It will be interesting to see how the Monster stacks up against the X-Force series of bows.


----------



## OOPS! (Jul 5, 2006)

Im thinking cape buffalo with a 60# bow  
5.5" bh is pretty low, but I think it will probably still be quite a shooter in the right hands and that speed is crazY!


----------



## bow slayer (Apr 2, 2007)

kaibab-hunter74 said:


> Can you imagine how ugly the xforce would be with a 9" brace height lol.


Yup. Its called the moneymaker.
lol just kidding. I actully like the Money Maker.
But anyway this new X force will be pretty cool to shoot. I will definietly give her a try. But just for fun. I love My 82nd and Ultra elite too much to ever switch. For now anyway.


----------



## kaibab-hunter74 (Dec 11, 2006)

bow slayer said:


> Yup. Its called the moneymaker.
> lol just kidding. I actully like the Money Maker.
> But anyway this new X force will be pretty cool to shoot. I will definietly give her a try. But just for fun. I love My 82nd and Ultra elite too much to ever switch.

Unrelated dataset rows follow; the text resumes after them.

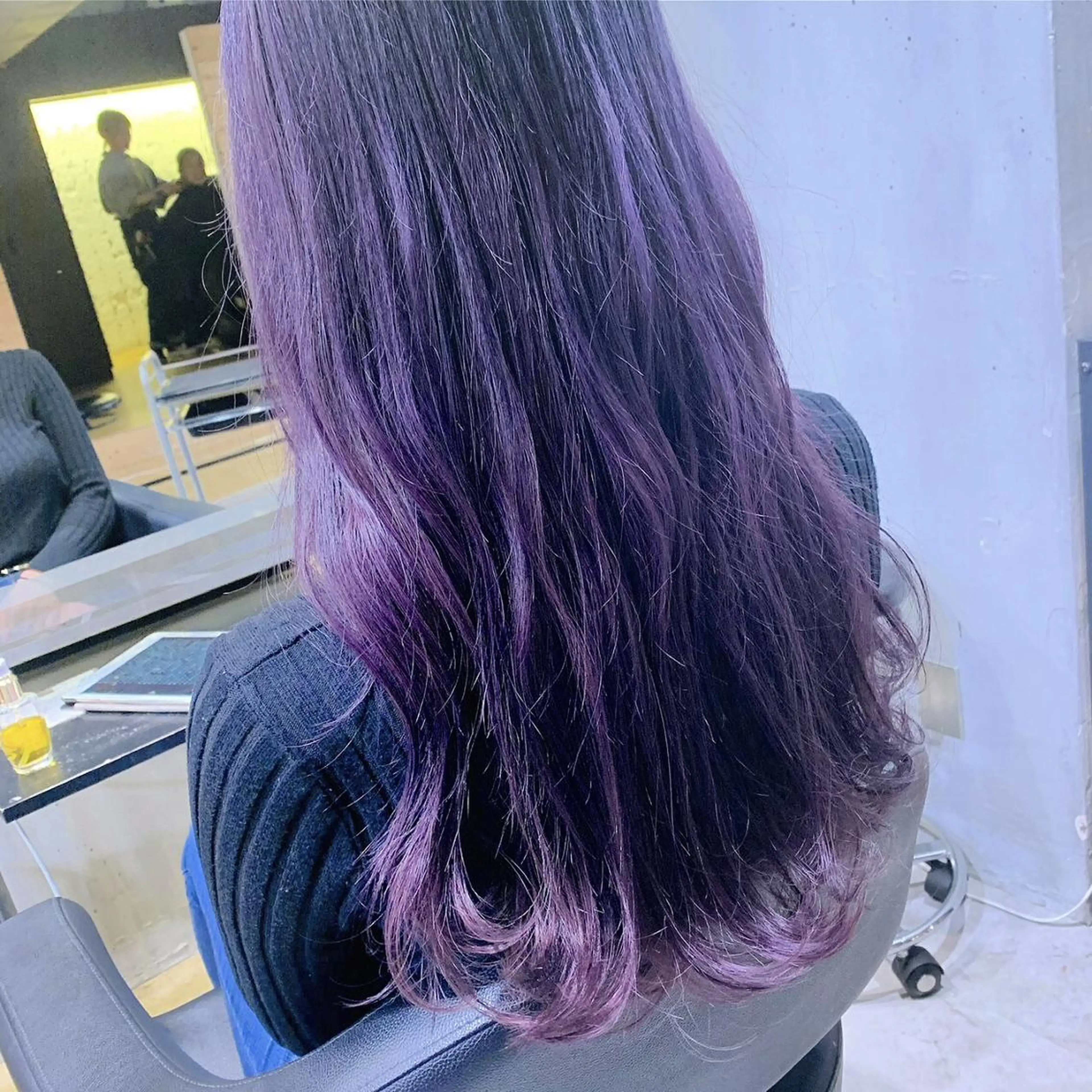 セミロング ヘアカラー トリートメント 🤍ハイトーン寒色 🤍MADOKAのヘアスタイル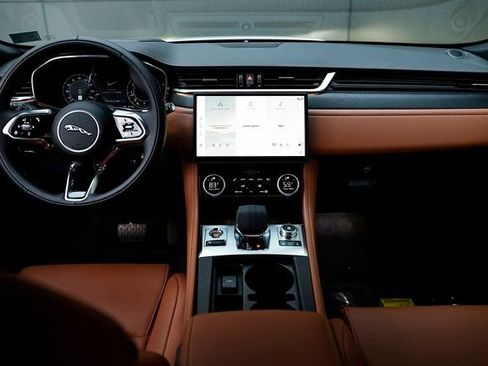 New 2026 Jaguar F-PACE R-Dynamic S image 30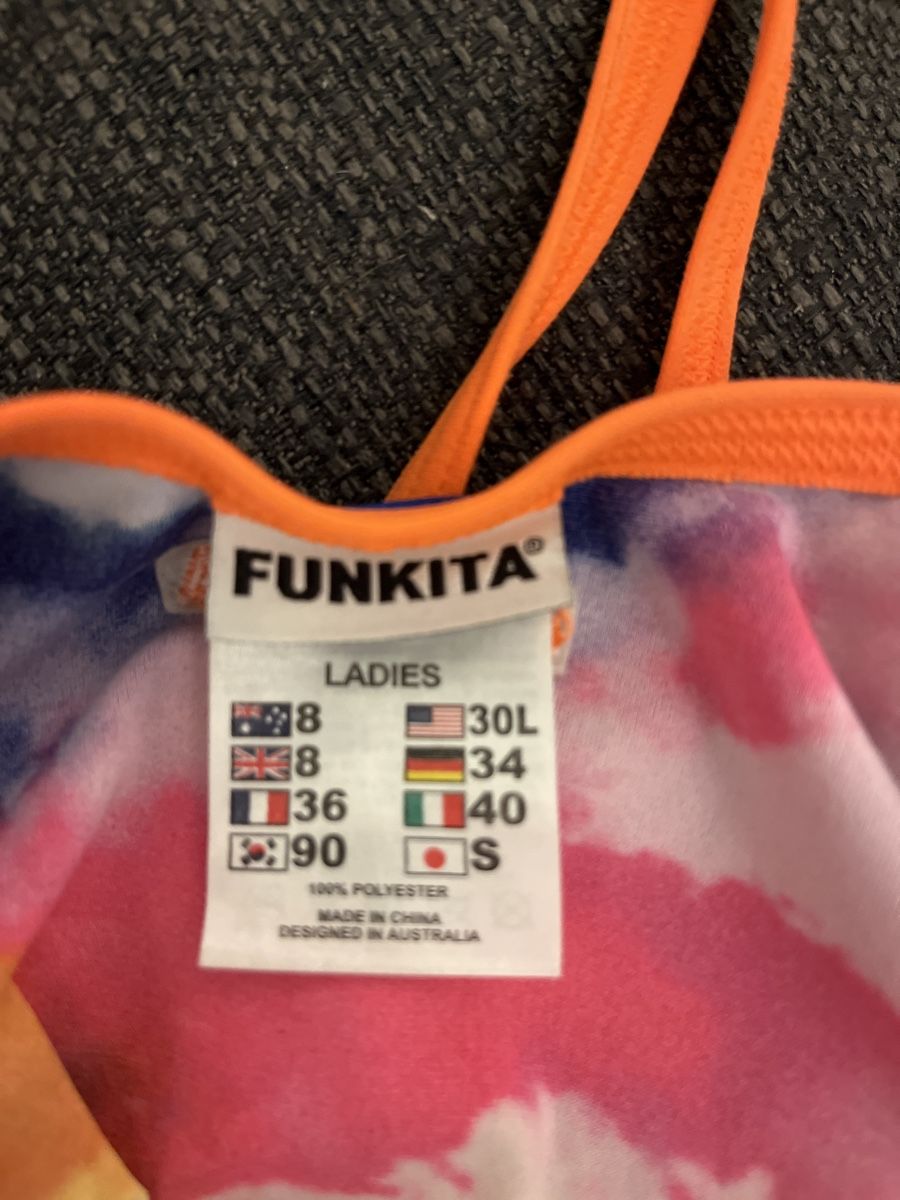 Costumi da bagno & Bikini: Funkita Badeanzug/Badekleid Gr. 34 – Usato da Rothenburg venduto da Calabasas99 2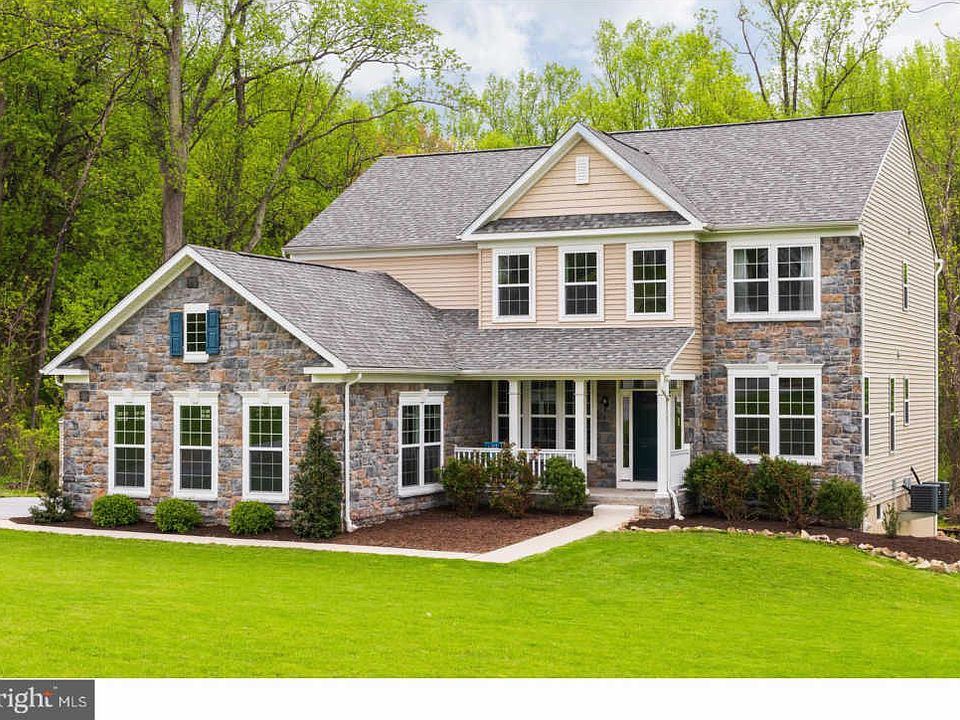 1st image of 49 Butterworth Ct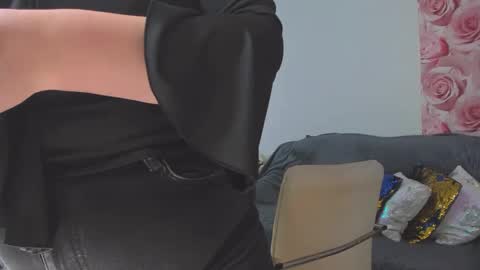 Snapshot of monasteel chatting on 26, 2, 2025 Monica online show from 26, 2, 2025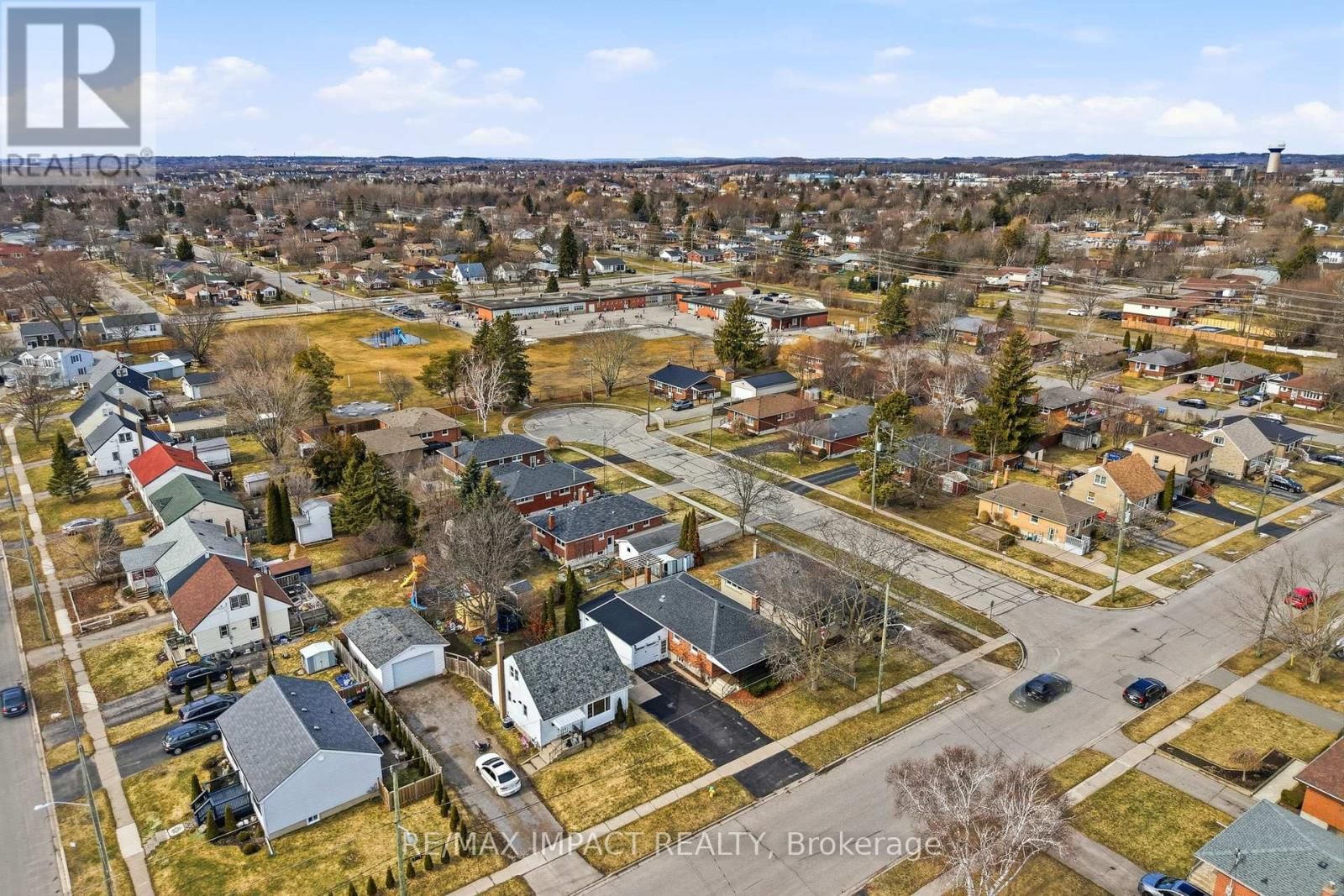 577 SINCLAIR STREET Image 38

For now anyway.


Until you shoot the X-Force Omen


----------



## CA_Rcher12 (Oct 28, 2004)

I guess speed bows are really selling since they came up with so many of the same model hahaha.


----------



## kaibab-hunter74 (Dec 11, 2006)

CA_Rcher12 said:


> I guess speed bows are really selling since they came up with so many of the same model hahaha.


Very true..... but since they're in demand, who's gunna stop?


----------